Re: 1.1 freeze approaching

2011-12-20 Thread Jeremy Hanna
I like this part of that thread (w00t for a distributed test suite):

> # Automate all tests
>
> I think the only way that we can keep people close to trunk and stay
> stable is to build automated tests for *everything*. All code should
> be exercised by thorough unit tests and distributed black-box tests.
> Every regression should get a test.

Agreed.

On Dec 20, 2011, at 1:16 AM, Brandon Williams wrote:

> On Tue, Dec 20, 2011 at 12:45 AM, Radim Kolar  wrote:
>> can you make release cycle slower? its better to have more new features and
>> do major upgrades less often. it saves time needed for testing and
>> migrations.
> 
> http://www.mail-archive.com/dev@cassandra.apache.org/msg01549.html
> 
> -Brandon



major version release schedule

2011-12-20 Thread Radim Kolar

http://www.mail-archive.com/dev@cassandra.apache.org/msg01549.html

I read it but things are different now because magic 1.0 is out.
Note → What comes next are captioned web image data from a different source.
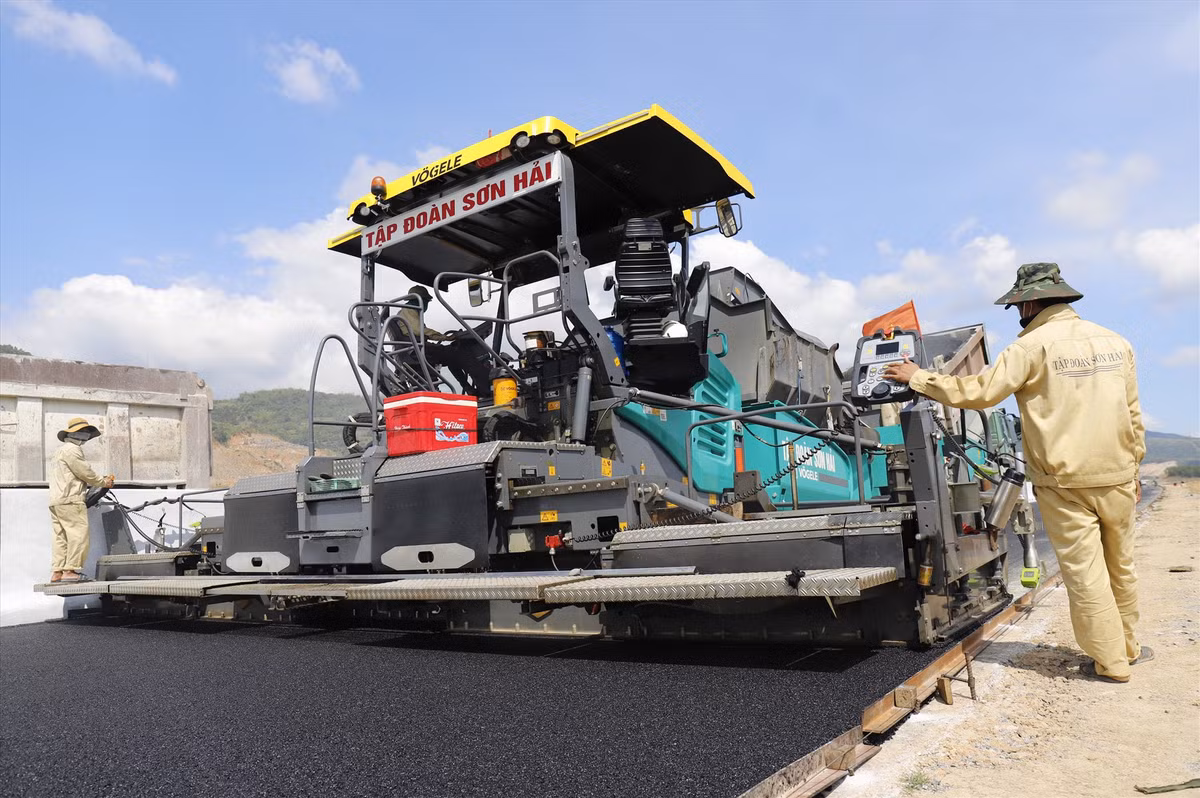 Đoạn đường qua xã Cam Hiệp Bắc đang được trải thảm nhựa. (Ảnh: Lao Động).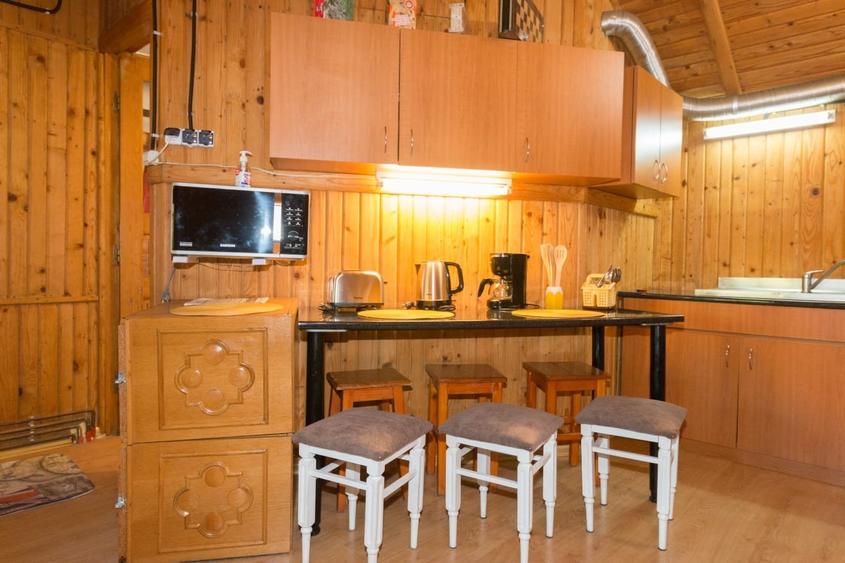 Apartament cu 3 camere semidecomandat, mobilat în Central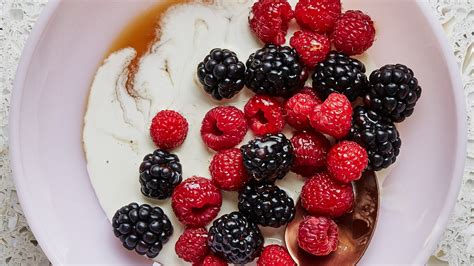 berries-and-cream-the-best-summer-dessert-to-make-now image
If you 
implement 1.0 and put it into production, you really do not want to 
retest app on new version every 4 months and its unlikely that you will 
get migration approved by management unless you present clear benefits 
for such migration. Compression was nice new feature of 1.0 but it was 
rejected by lot of IT managers  as "too risky" for now.


While you can test application quite easily, testing cluster stability 
is way harder in test environment because its not usually possible to 
fully replicate workload and data volume in test environment and 
migration back is difficult because Cassandra currently does not have 
tool for fast sstable downgrade (1.0 -> 0.8).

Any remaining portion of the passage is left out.